In their polemic, Organisational Misbehavior (1999), CitationStephen Ackroyd and Paul Thompson examine a category of activities they define as ‘anything you do at work you are not supposed to do’. According to their analysis, misbehaviours such as ‘messing around’ and practical joking involve a more or less explicit form of resistance to and undermining of prevailing structures. Most social systems can tolerate a degree of ‘off-message’ activity and can sanction office celebrations, festive parties, dress-down Fridays, hotel spa away-days, paint-ball team-building, and so on. Resistance to and the undermining of structures, however, signals something far stronger. In Kanhadilok and Watts (2013) we posit two ‘zones’: a ‘play zone’ that encompasses all of those physical, and virtual, spaces where play, low-conforming or non-conforming activity can commonly take place, including sporting arenas, parkland, woodlands, youth centres, arcades, playgrounds, theme parks, bedrooms, social networking, game-worlds etcetera. A ‘no-play zone’ entails those spaces where unruly non-conformity is deemed a distraction, inappropriate, uninvited, curtailed: a three-lane motorway, a church, unlit streets, a busy construction site, the company board-room, some lecture theatres, classrooms, a funeral, and so on.

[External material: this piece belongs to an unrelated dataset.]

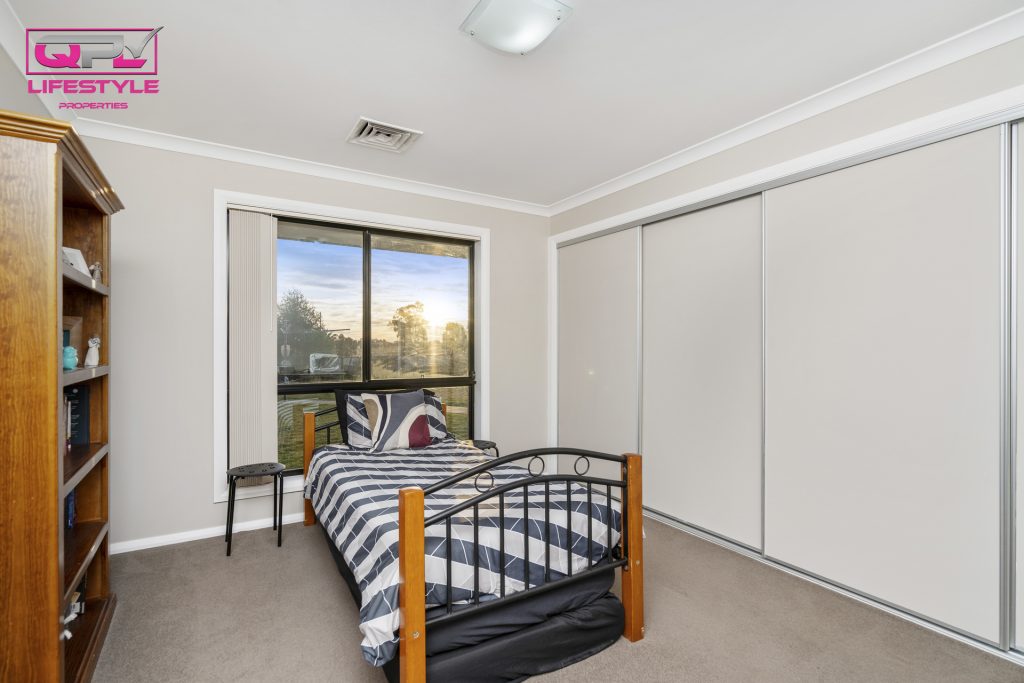 6 Rosella Street, Temora NSW 2666 - photo 10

Our broad interest lies in transgressive behaviours, in spaces both physical and virtual. There are numerous examples where the Internet fosters non-conformity, adolescent rebellion, activities we have labelled the ‘dark side’ of Internet use (Crowe & Watts, Citation2012). While young ‘digital natives’ are instinctive and avid consumers of the Net, they are also constructors and re-shapers of its online content. They create and exploit digital spaces for social interaction, identity expression, media production and consumption – and do so with a proliferation of voices, cultural forms and styles. While much of this is innocuous, broadly courteous and dignified, there exist the negative, risky or inappropriate uses of the Internet such as ‘Internet addiction’, gaming addiction, exposure to sexually explicit material, online victimisation, harassment, cyber-bullying, sexual solicitation, and so on. There has been little exploration of youth involvement in these marginal, resistive, undermining activities.

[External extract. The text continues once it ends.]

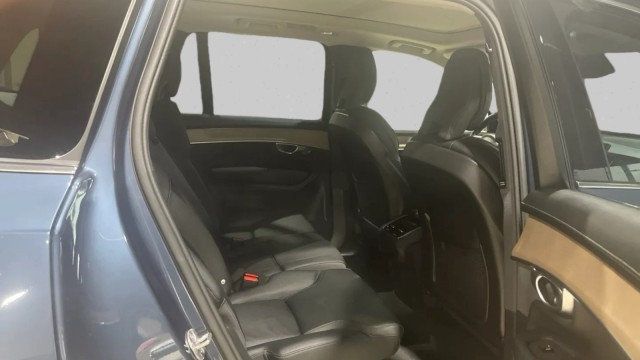2025 Volvo XC90 2025.5 B5 AWD Plus 7-Seater - 23037356 - 18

For example, in the online world of social networking there is a growing trend towards establishing memorials to friends and loved ones who recently died. It is perhaps fitting that friends attach digital messages of condolence and support in much the way one might sign a book of remembrance at a funeral or cremation. Increasingly, however, ‘commemorators’ far exceed the usual ‘friends and family’, going well beyond incidental sympathisers. There are numerous network users who actively seek out memorial pages and postings, engaging in a form of funereal ‘grief tourism’. At an anecdotal level, a friend recently reported that a page dedicated to her recently deceased brother carried the following posts:

I didn't know you in real life but I feel a connection with you on here – I will think of you.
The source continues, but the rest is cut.